Instructions to follow — Reproduce the data in full, exactly as given, leaving images out.

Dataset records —
────────
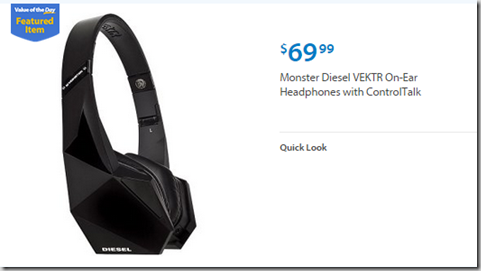 Walmart Values of the Day: Faded Glory Dress for $8 or Monster Diesel Headphones for $69.99!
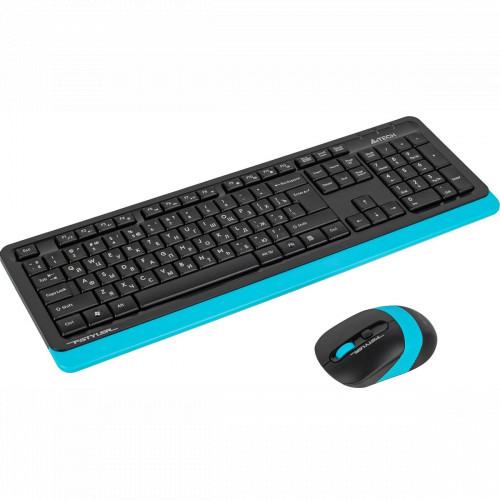 A4Tech Fstyler FG1010 Blue клавиатура + мышь (FG1010 BLUE) - фото 6 - id-p102136764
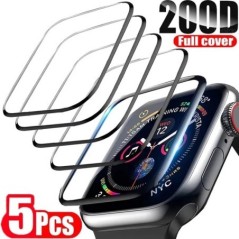 5 DB képernyővédő fólia Apple Watchhoz 7 6 SE 5 9 8 40MM 41MM 42MM 44MM 45MM 38MM kerámia fólia IWatch Ultra 49MM nem üveghez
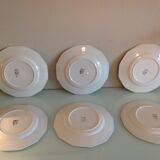 Suite of six flat plates décor Abeille d'Or by Ceranord St Amand / vintage 50s-60s
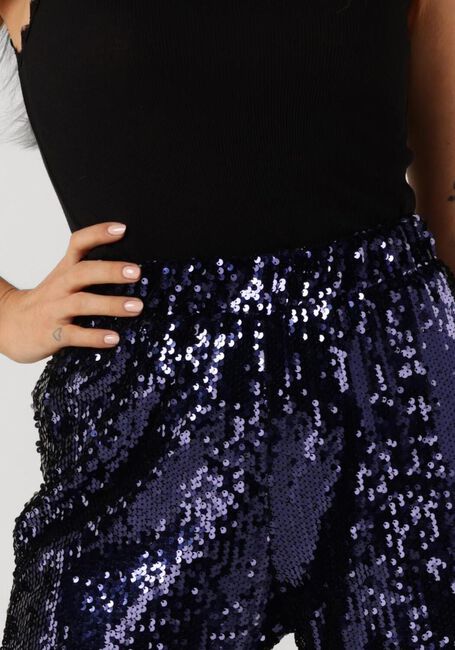 Blauwe COLOURFUL REBEL Pantalon EMY SEQUINS FLARE PANTS - large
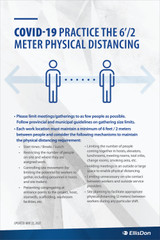 Practice the 6ft/2 Meter Physical Distancing 24"x36" ED-Covid19-04. **Prices As Low As $23.95 ea.** 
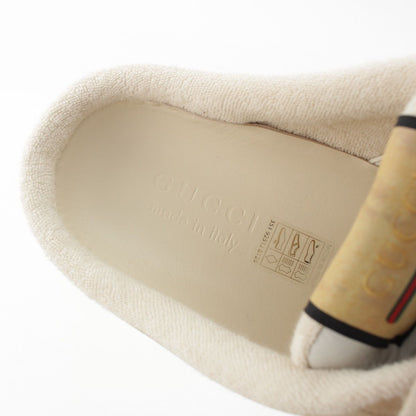 Gucci Screener Leather Sandals Shoes Beige — view 7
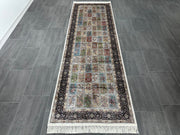 Ft: 3.3 x 9.8 Runner Silk Carpet Hallway Silk Rug  Turkish Carpet Runner Rug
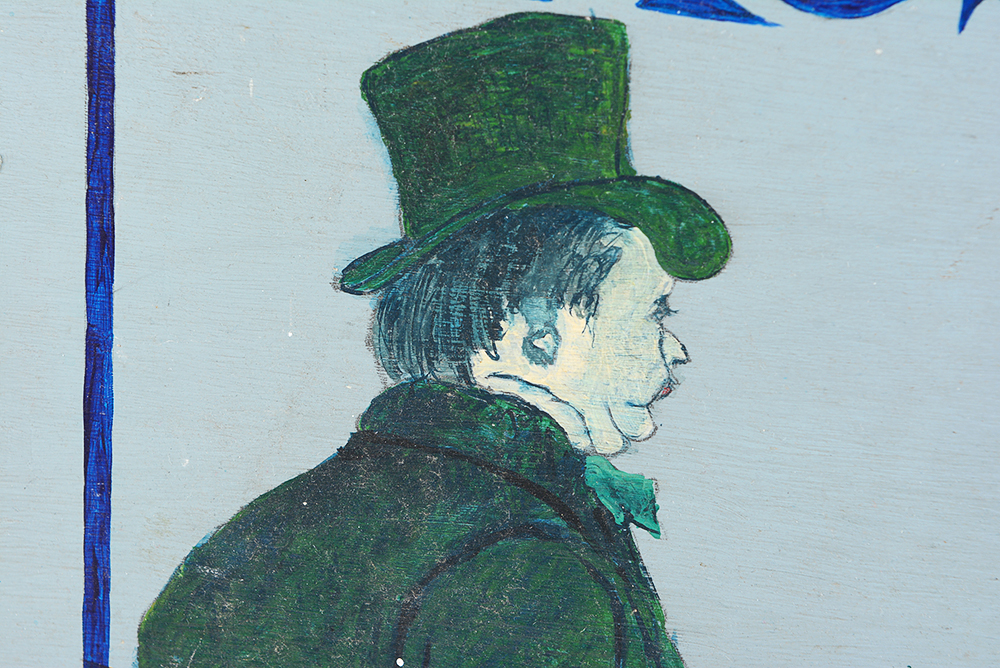 Decorative French Restaurant Sign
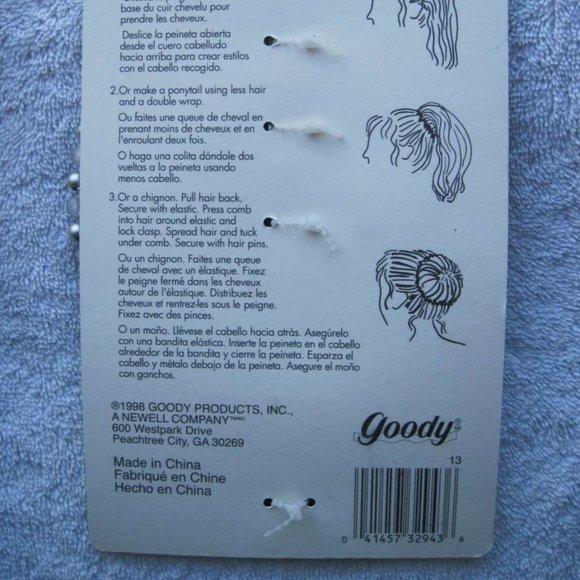 5 Plastic Flexible Flex Comb Mikayla Headbands - Picture 12 of 12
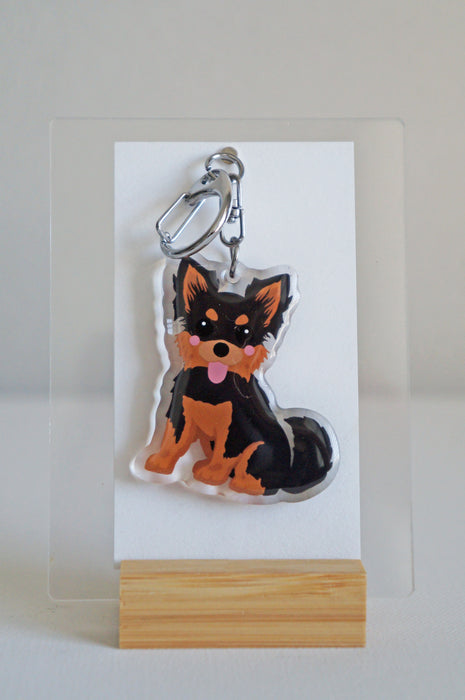 Chihuahua Epoxy Keychain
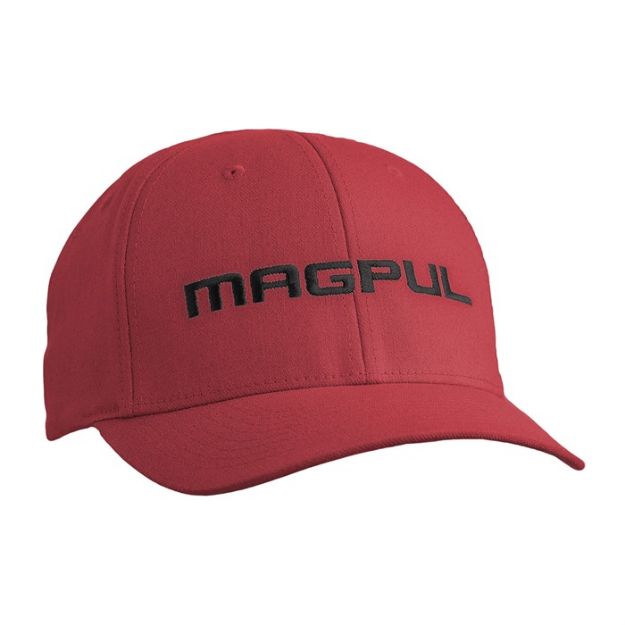 Picture of Wordmark Stretch Fit Cap L/Xl Cardinal Red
────────
Exercise solution —
 Walmart Values of the Day: Faded Glory Dress for $8 or Monster Diesel Headphones for $69.99!
 A4Tech Fstyler FG1010 Blue клавиатура + мышь (FG1010 BLUE) - фото 6 - id-p102136764
 5 DB képernyővédő fólia Apple Watchhoz 7 6 SE 5 9 8 40MM 41MM 42MM 44MM 45MM 38MM kerámia fólia IWatch Ultra 49MM nem üveghez
 Suite of six flat plates décor Abeille d'Or by Ceranord St Amand / vintage 50s-60s
 Blauwe COLOURFUL REBEL Pantalon EMY SEQUINS FLARE PANTS - large
 Practice the 6ft/2 Meter Physical Distancing 24"x36" ED-Covid19-04. **Prices As Low As $23.95 ea.** 
 Gucci Screener Leather Sandals Shoes Beige — view 7
 Ft: 3.3 x 9.8 Runner Silk Carpet Hallway Silk Rug  Turkish Carpet Runner Rug
 Decorative French Restaurant Sign
 5 Plastic Flexible Flex Comb Mikayla Headbands - Picture 12 of 12
 Chihuahua Epoxy Keychain
 Picture of Wordmark Stretch Fit Cap L/Xl Cardinal Red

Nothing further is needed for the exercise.